1. First we create a new **LogRecord** while executing `logger.info`, `logger.debug` or `logger.error`.
2. The `LogRecord` object is passed through an optional **Filter**. If the filter returns `True` then the `LogRecord` is forwarded in the pipeline else it is dropped.
3. Next step is to transform the `LogRecord` into a suitable format using the **Formatter**.
4. Finally the **Handler** dispatches or emits the formatted log to our desired location.
# Examples
## Basic Console Logging
The Console logs are the most simple form of logging that python by default provides to it's users. Everytime we log an event, we see the event in the terminal. The formatter converts the `LogRecord` instance into a plaintext string which the `StreamHandler` pushes to the terminal for the user to see.
## Structured Logging to SQLite Database
Structured logging is type of logging where the logs are **stored** in a predefined structure like JSON, XMLs, SQL Tables etc.

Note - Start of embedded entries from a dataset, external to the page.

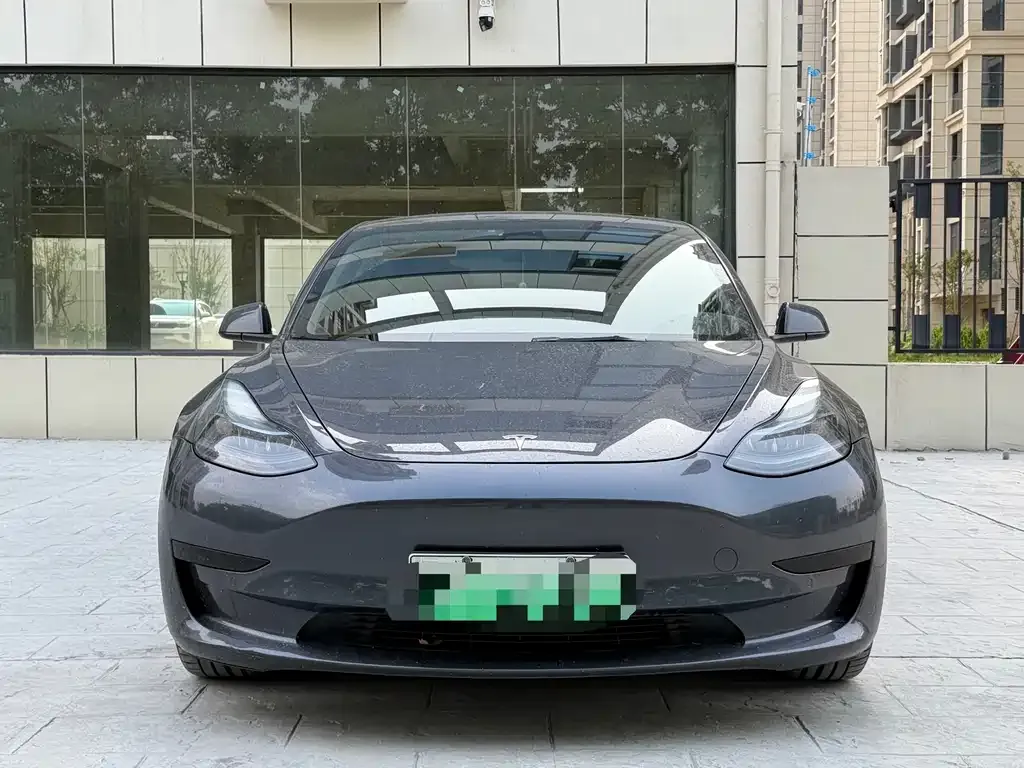 Tesla Model 3 — фото 5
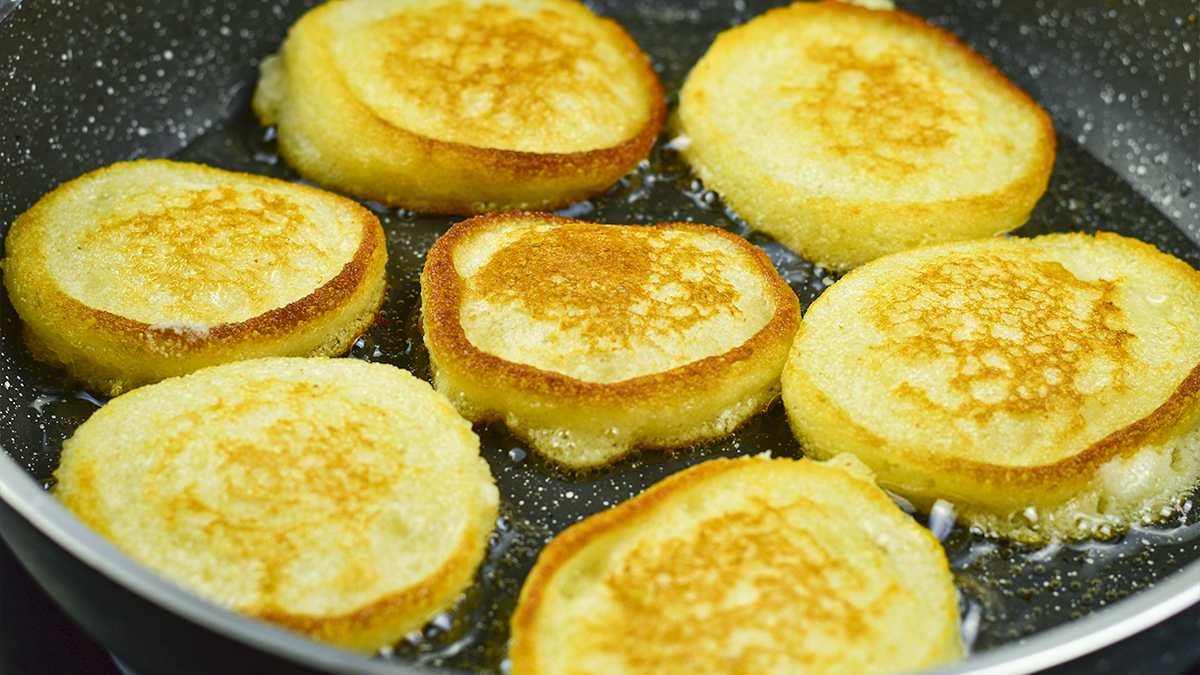 Пышные оладьи за 10 минут: вкусно и без муки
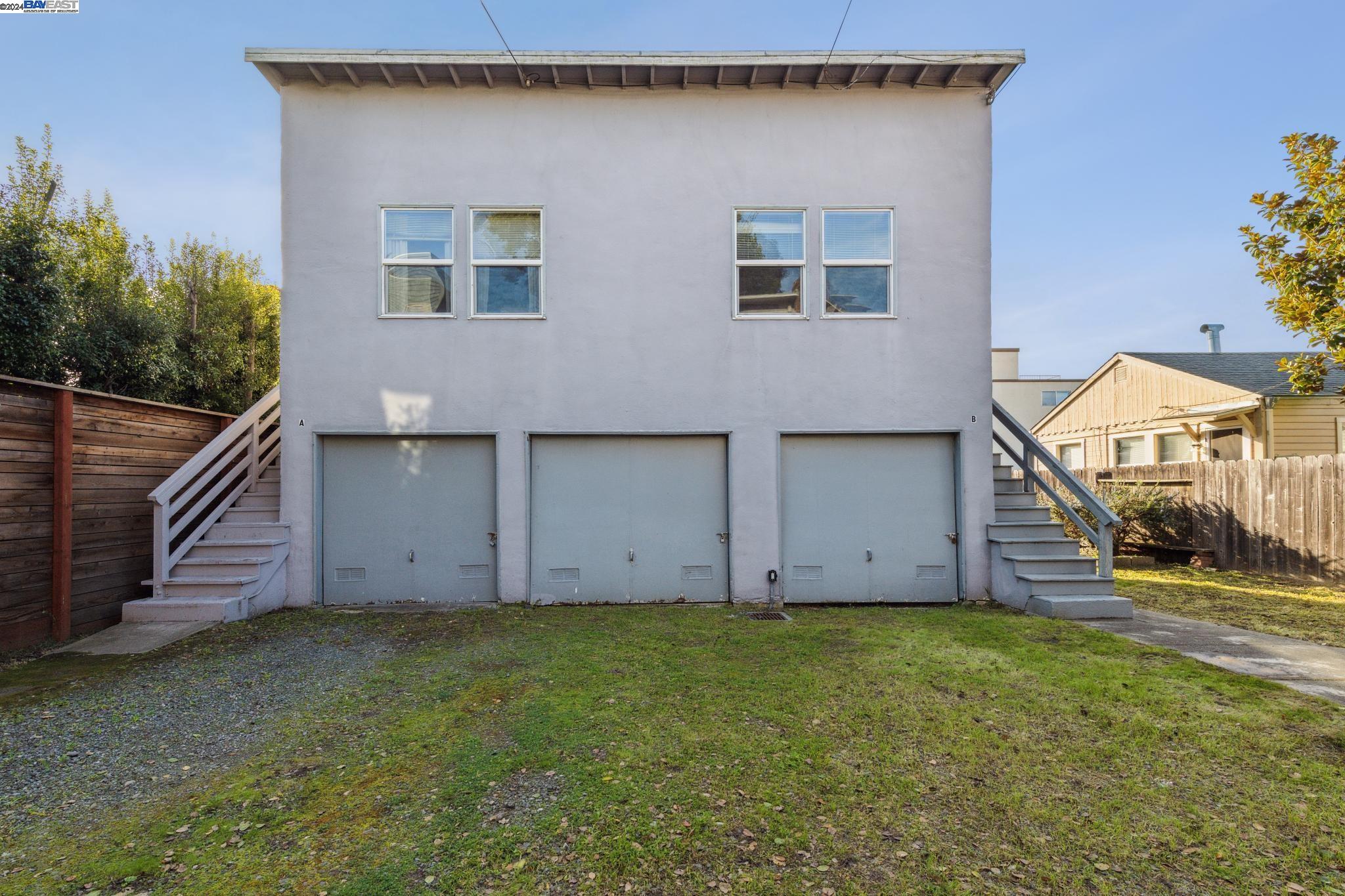 2238 Roosevelt Ave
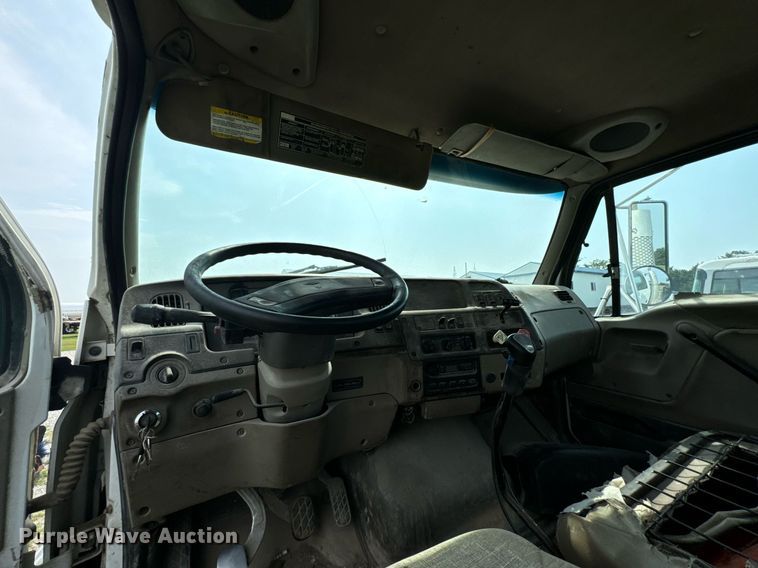 image for item DX1130 2005 Sterling L9500 flatbed truck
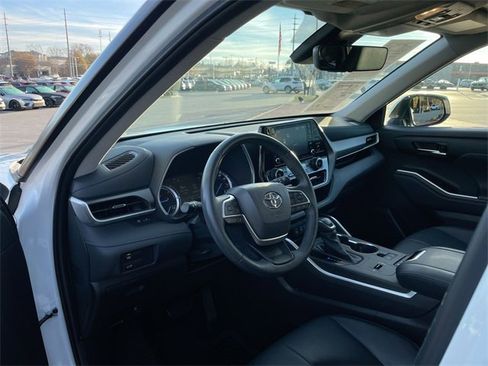 Used 2022 Toyota Highlander XLE image 13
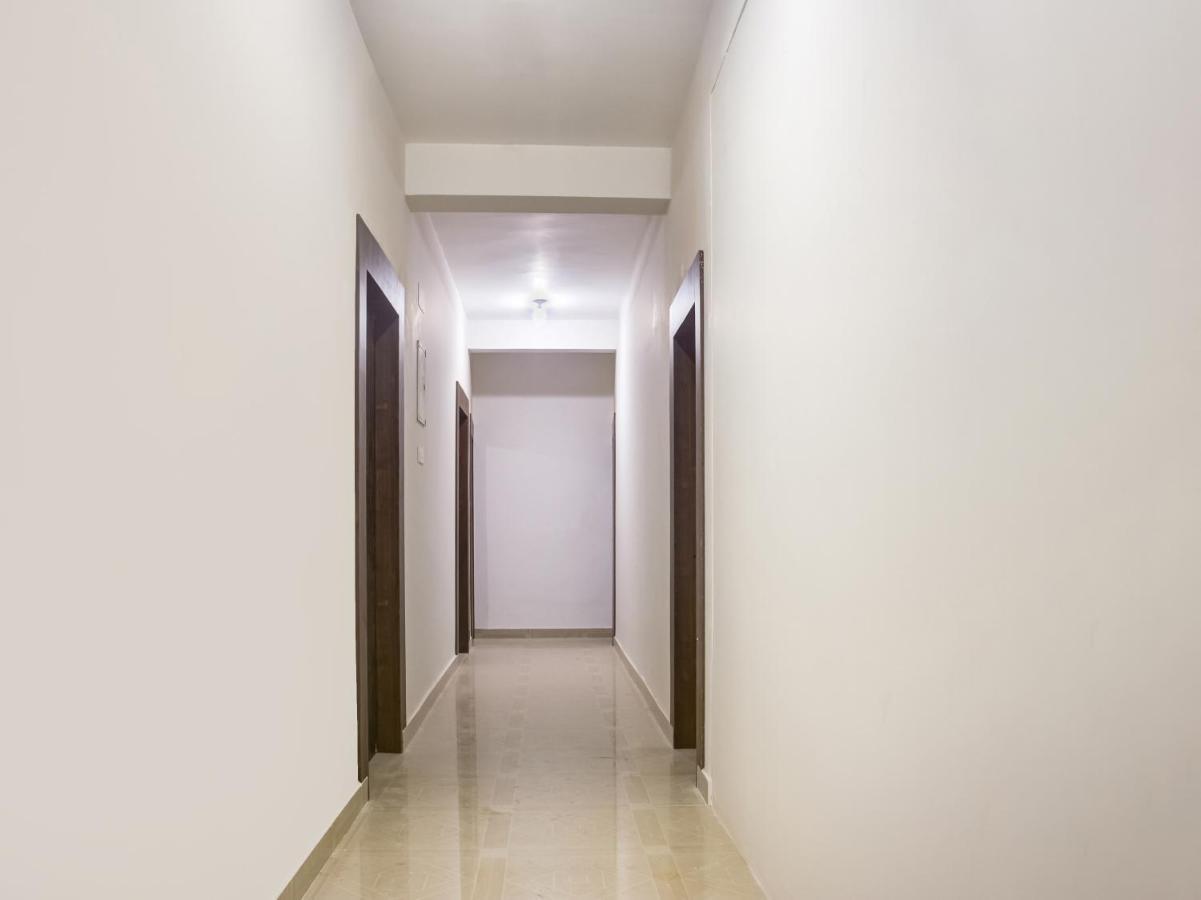 Oyo 75948 Hotel Tushar Continental Új-Delhi Kültér fotó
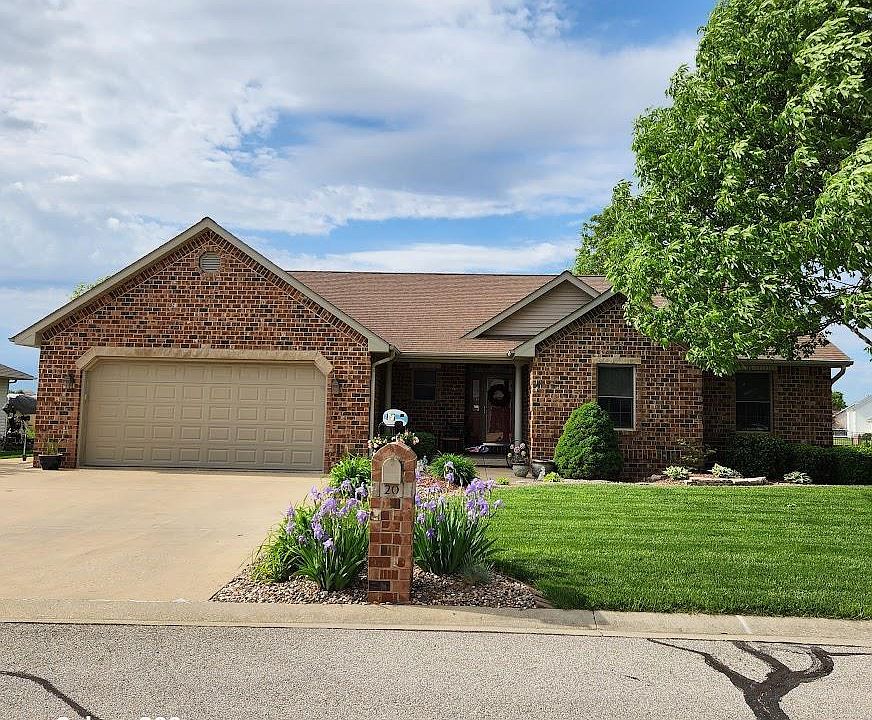 1st image of 20 Wren Dr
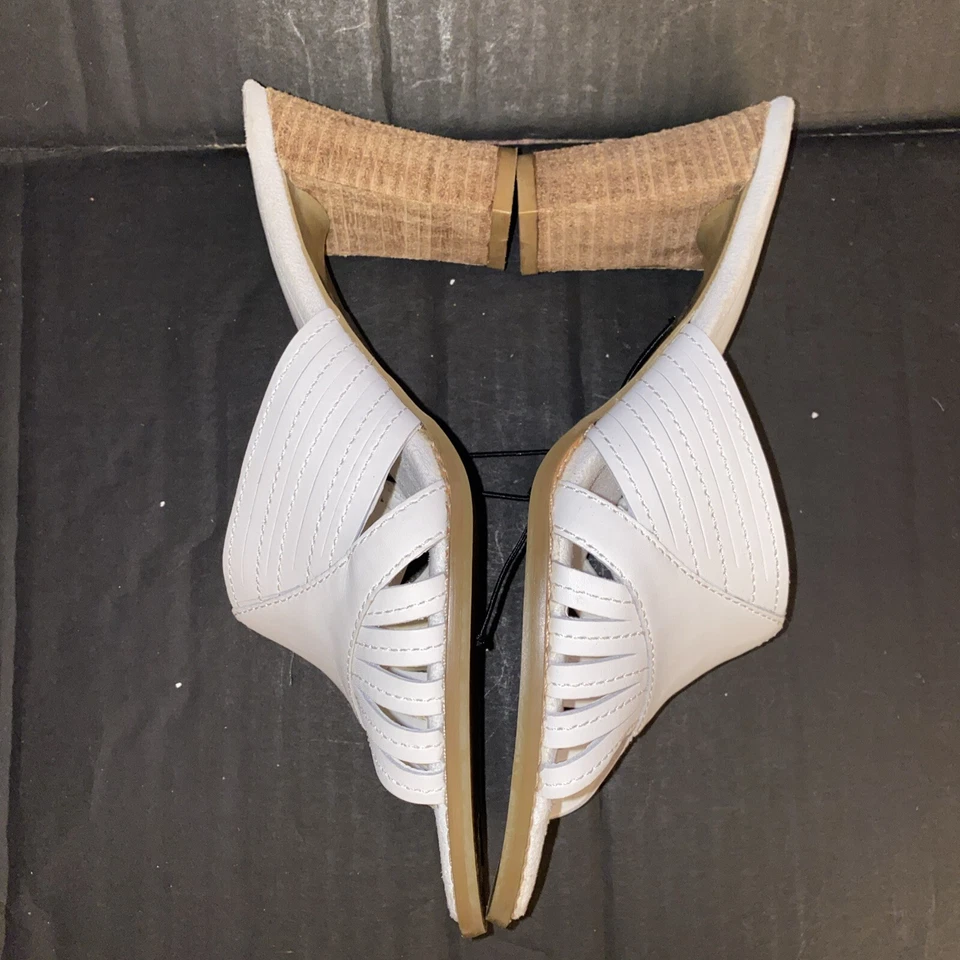 Sandalia de cuero blanco tacón alto punta abierta deslizable zapato talla 8 nuevo BANDOLINO para mujer Foto 4 de 4
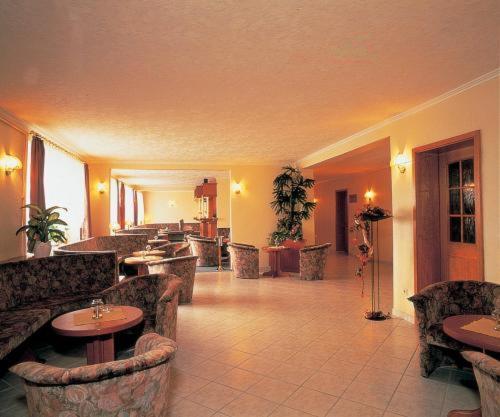 Hotel Ruegen Park Kg Gingst Extérieur photo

Structured Logging has been to be useful for debugging applications in a production environment.
For this example we will be needed **SQLAlchemy** which is a popular ORM framework for Database operations. You can refer to [sqlite_logger](./custom_loggers/sqlite_logger.py) for more details. For this example we have to create a database model for storing logs.
We must define a custom formatter named `SQLAlchemyFormatter` which converts a `LogRecord` instance into an instance of the SQLAlchemy data model. Then the `SQLAlchemyHandler` pushes the record to the SQLite Database.